Daan Delabie earned his M.Sc. degree in Engineering Technology from KU Leuven campus Ghent, Belgium, in 2020, graduating magna cum laude. He started as a researcher at the same institution and became a member of Dramco, a research group covering a broad range of research topics in positioning, wireless communication and power transfer, IoT and embedded systems. In 2021 he started a Ph.D. regarding hybrid RF-acoustic indoor localisation for energy-neutral devices. This Ph.D. is expected to be completed by the end of 2025. His main interests are indoor positioning, acoustic/ultrasonic sensing and signalling and machine learning.

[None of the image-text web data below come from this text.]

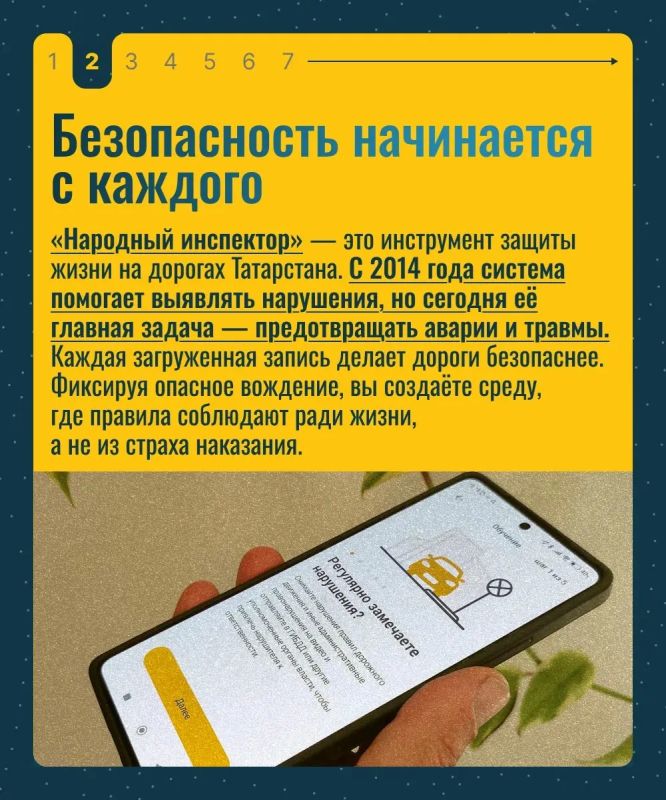 Каждый из нас может сделать дороги Татарстана безопаснее Каждый из нас может сделать дороги Татарстана безопаснее
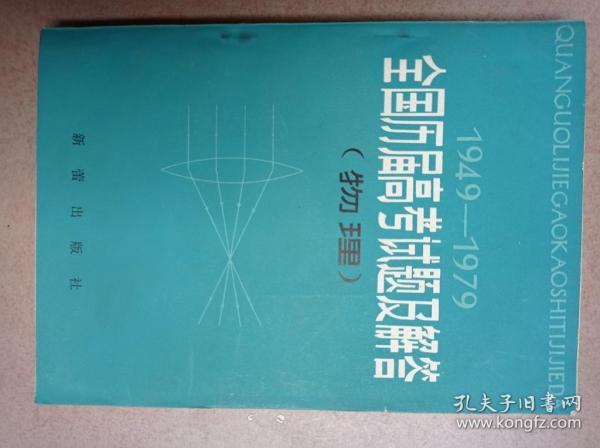 1949-1979 
 全国历届高考试题及解答(物理)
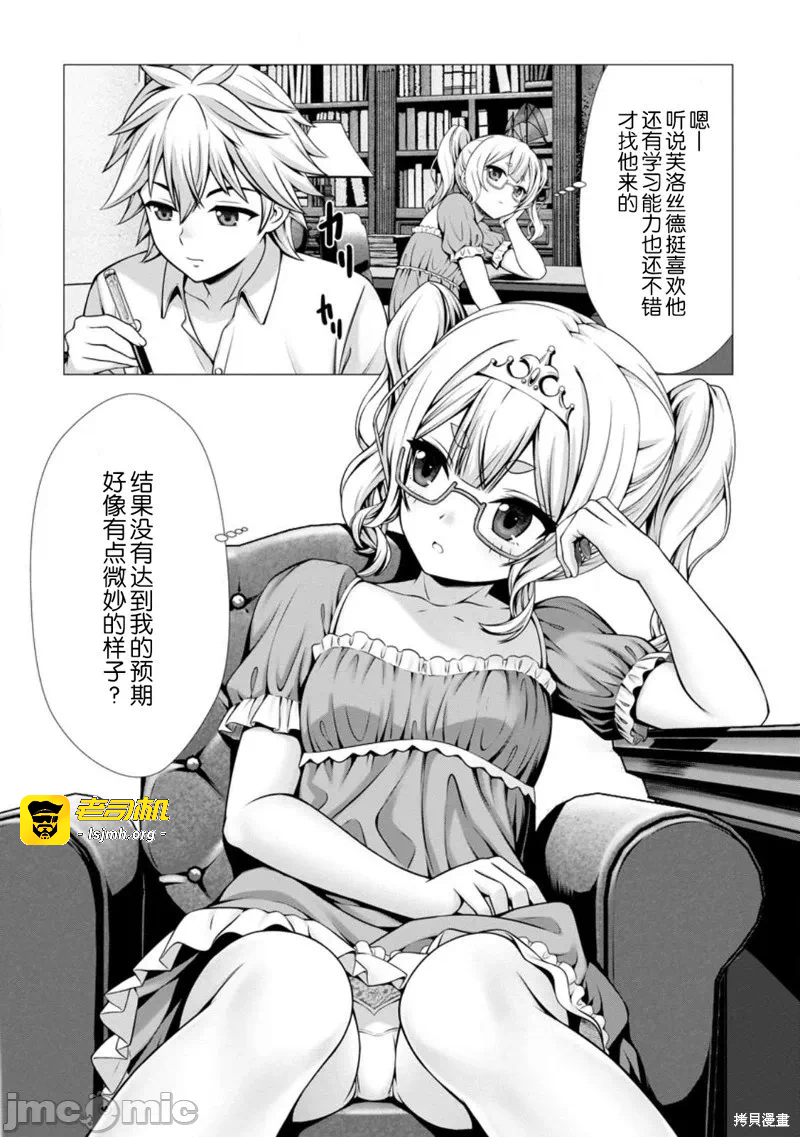 第8话7 第 23 页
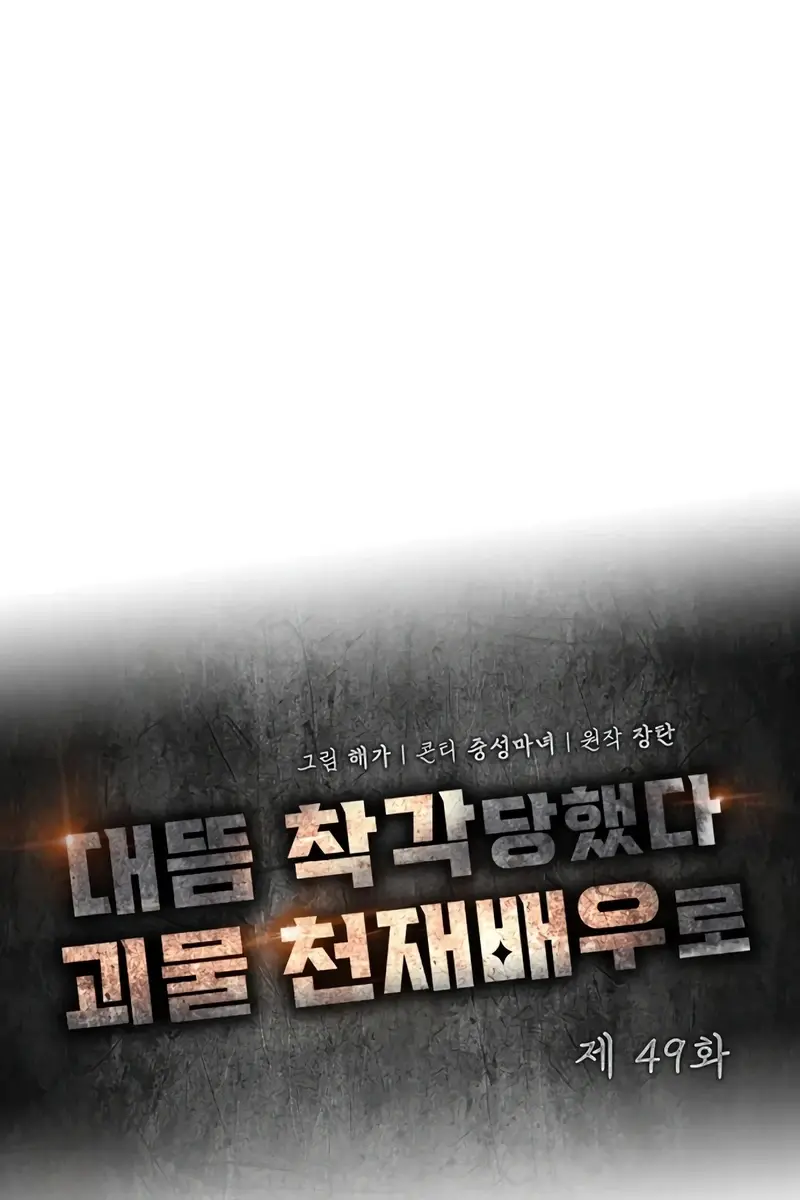 The Otherworldly Genius Method Actor Chapter 49 Page 73
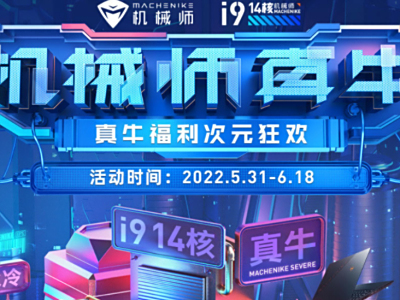 京东618次元狂欢 机械师真牛福利大派送
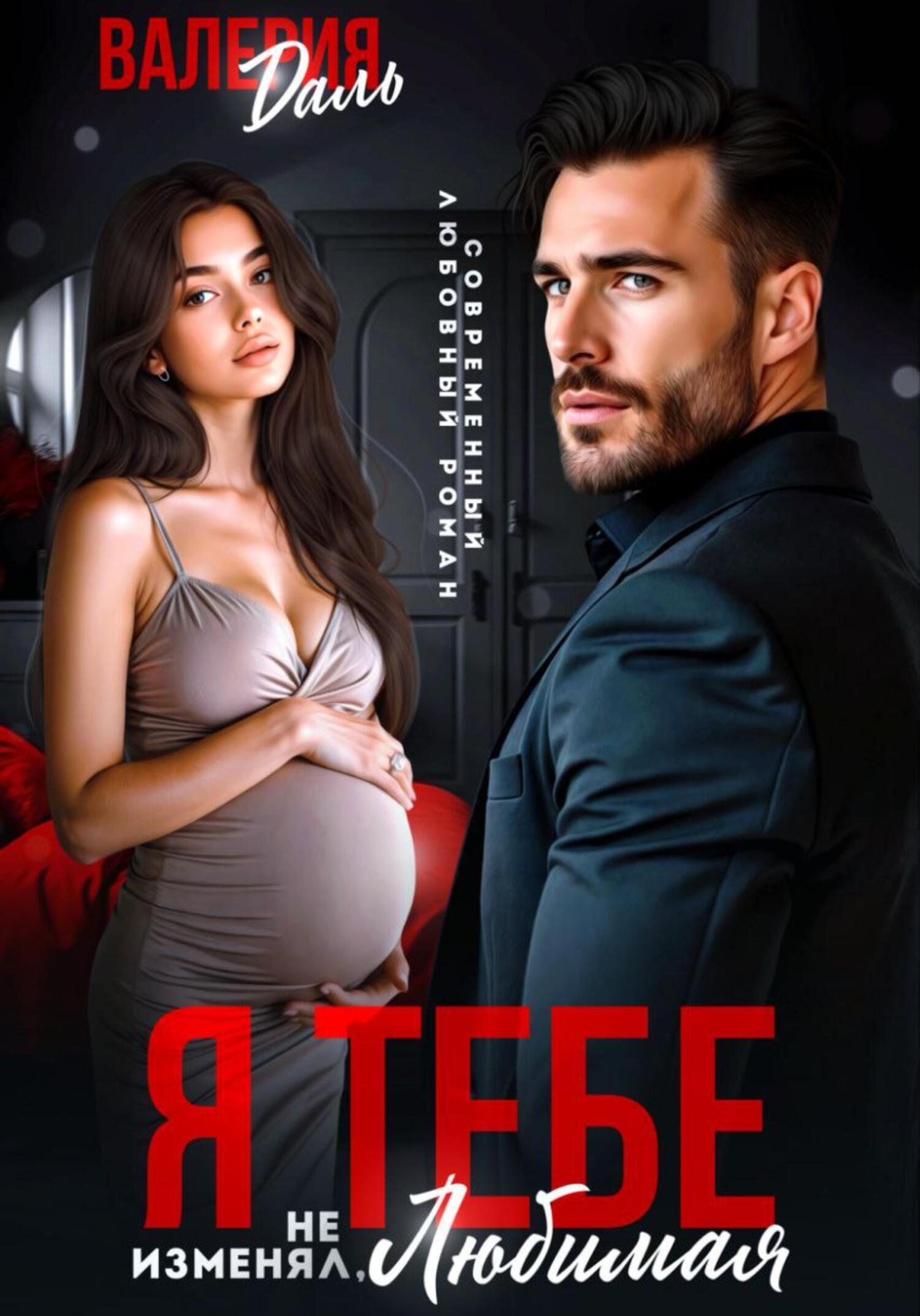 Emili Sands Oktavia Milton porno Nikita guruhi yalangoch videolar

Localizing users and mapping the environment using radio signals remains a challenging yet vital task for emerging applications such as reliable low-latency communications, location-aware security, and safety-critical navigation. Multipath-based simultaneous localization and mapping (SLAM) in 5G and beyond networks has emerged as a promising approach to address this challenge. In this seminar, I will present our recent work on Bayesian multipath SLAM methods for distributed MIMO systems. The proposed methods perform adaptive data fusion across propagation paths and distributed base stations, enabling improved localization accuracy while constructing more physically meaningful environmental maps than classic methods. The potential of the presented methods is demonstrated using real radio measurements collected in complex environment.

Xuhong Li received her MSc and PhD degrees in Electrical Engineering from Lund University, Sweden in 2013 and 2022 respectively. She was postdoctoral researcher at the Department of Electrical and Information Technology, Lund University, from 2022 to 2024. She is currently a postdoctoral researcher at the Department of Electrical and Computer Engineering, University of California San Diego. Her research interests include radio channel measurement, modeling and parametric estimation, radio-based localization and sensing, statistical signal processing, inference on graphs and machine learning.

Future 6G networks are expected to transform communication infrastructure into large-scale distributed sensing platforms, enabling applications such as intelligent transportation, smart environments, robotics, and digital twins. A key challenge in realizing this vision is enabling multiple base stations to perform joint sensing and communication reliably in dense deployments, where mutual interference, waveform ambiguity, and hardware constraints can significantly degrade sensing accuracy and robustness. In this talk, we present a multi-static integrated sensing and communication (ISAC) framework in which half-duplex base stations cooperate as distributed transmitters and sensing receivers. We introduce a sparse and randomized OFDM waveform design that efficiently mitigates inter-station interference while suppressing sensing ambiguities inherent to multi-static operation. By carefully selecting subcarrier spacing and introducing controlled irregularity across time and frequency resources, the proposed design maintains robustness against synchronization impairments, multipath clutter, and dense spectral reuse, with minimal noise-floor degradation. Simulation results demonstrate reliable multi-target sensing performance even in challenging interference and clutter scenarios, highlighting the feasibility of scalable, infrastructure-based wireless sensing.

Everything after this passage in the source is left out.